We had a nice weekend if you enjoy dinosaurs and thinking about devastatingly sad things. L’Institut de Paléontologie Humaine is currently exhibiting half a dozen REAL DINOSAUR SKELETONS so I took the dino-obsessed Loosh to see them on Saturday afternoon. His mind was sufficiently blown.
Holy sh*t, Mom, that is a motherf*ckin' Triceratops head behind me, I sh*t you not.**
**not something he actually said
He brought along a dinosaur book to help identify each skeleton. After proper identification, he then "read" outlandish claims about each one -- such as this one could swim underwater and that one could shoot lasers out of his eyes. He got defensive and ran away holding the book over his head when I asked to see the book so I could double check his facts.
This one could read your motherf*ckin' mind!**
**I apologize, folks. I'm pretty ornery tonight.

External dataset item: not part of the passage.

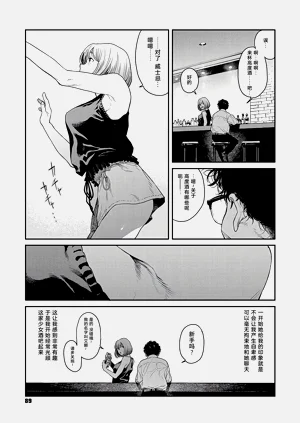第87頁圖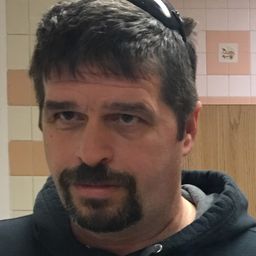 mike-johnston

L’Institut de Paléontologie Humaine is a lovely old building but one thing bothered me and took me out of the dinosaur moment --
I am not a fan of swastika as design element
I'm supposed to be at a school meeting right now. It's the same informational meeting his teacher got mad at us for missing last year. Alex is in Spain but I had a babysitter lined up so felt pretty confident I was going to make the damn meeting this time and then everyone would LOVE ME. At school pick-up this afternoon, I cheerfully told the teacher I would see her again in an hour. I was born to attend that meeting.
Then the babysitter didn't show up. I have no idea why. So I didn't go to the meeting. Now I'm shakin' in my fashionable boots and feeling "the dread" because I know this teacher hates us now, too. I can't blame her because we've done nothing but sh*t** on important school meetings since the get-go.

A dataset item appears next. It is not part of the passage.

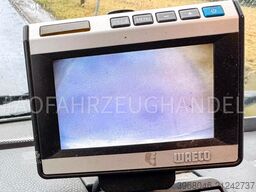 Iveco Eurocargo 140E21 -E6 -Klima -FRC11/2026 - air rear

Some guy came to the door today and said he had to inspect chimneys and gas lines. I said we didn't have a chimney or gas in the apartment but told him to come on in and take a look around if he wanted to verify. For reasons I'll never understand, he pointed at the ventilator duct coming out the top of our stove's ventilation hood and declared it a gas line. He jumped up on our counter and banged on the thing for awhile, declared it "blocked" and said we would need a full inspection at a later date.

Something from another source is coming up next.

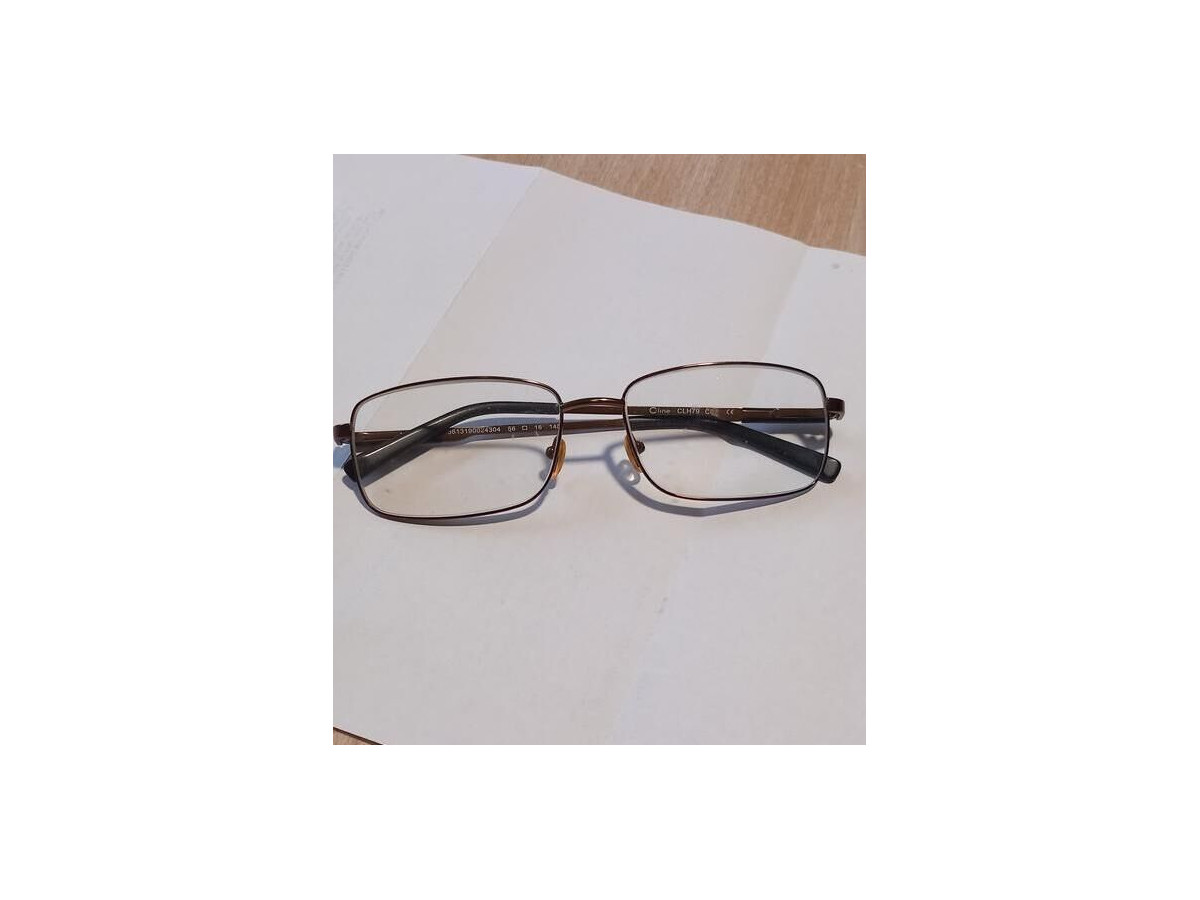 C-line CLH79 C02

So tell me the truth -- is this guy going to break in later and rob us blind? Something was weird, but I hadn't had interaction with adults all day and was happy for his bizarre company. But he got to me -- I'm now scared to turn on the ventilator hood/gas line for fear of blowing up the building.
One more thing before I go. Sunday, obviously, was September 11th. I very much felt the need to do something to commemorate the day so I took Lucien to the memorial ceremony at Trocadero. On the metro ride there, I gave Lucien a very rudimentary explanation of where we were going and why, basically how we needed to think about our country on that day because something very sad happened there ten years ago. Thankfully, he didn't ask too many in-depth questions because I have no idea how to explain something so horrible to someone who thinks the worst thing a person can do is call someone else "poo-poo face."
It was a moving tribute at Trocadero. The mayor of Paris was there alongside the American ambassador. A choir sang the French and U.S. national anthems back-to-back, and various people gave speeches about how the day changed the entire world and the entire world mourned. The official ceremony lasted between the exact times, ten years ago, when the first plane hit through when the second tower fell. There were tears, of course, including mine, because all Americans still feel the events of that day in a visceral, raw way.
I was brought to tears by the horror of the events of 9/11, but also by the show of solidarity by the French. I'm so grateful they gave us somewhere to go, something to do. Otherwise, we would have been sitting at home or wandering around the neighborhood pretending it was a normal day when it wasn't a normal day.
This is a group of French firefighters who showed up carrying American flags. Several wore FDNY hats. They were somber, and sincere.
We didn't stay for the whole ceremony. The intense security repeatedly reminded me it may not have been the safest place to bring Lucien. By the third time we saw a group of cops run past us full speed to surround someone, I decided it was time to go. The terrorists scared MJ away from the 9/11 memorial ceremony, and for that I'm not exactly proud.
Thank you, just thank you, France, for giving a sh*t** about our pain.
**not ornery, I really mean that one.
Lucien took a spin on the carousel on our walk back to the metro. It felt good to watch Lucien, head thrown back laughing out loud, after re-living that day ten years ago. I didn't even care I was watching him in the middle of a downpour.
Phew. Done. Cleansed.
In more upbeat news, I've now received several emails on the subject and am pleased to report "assorted toast" is sweeping several nations.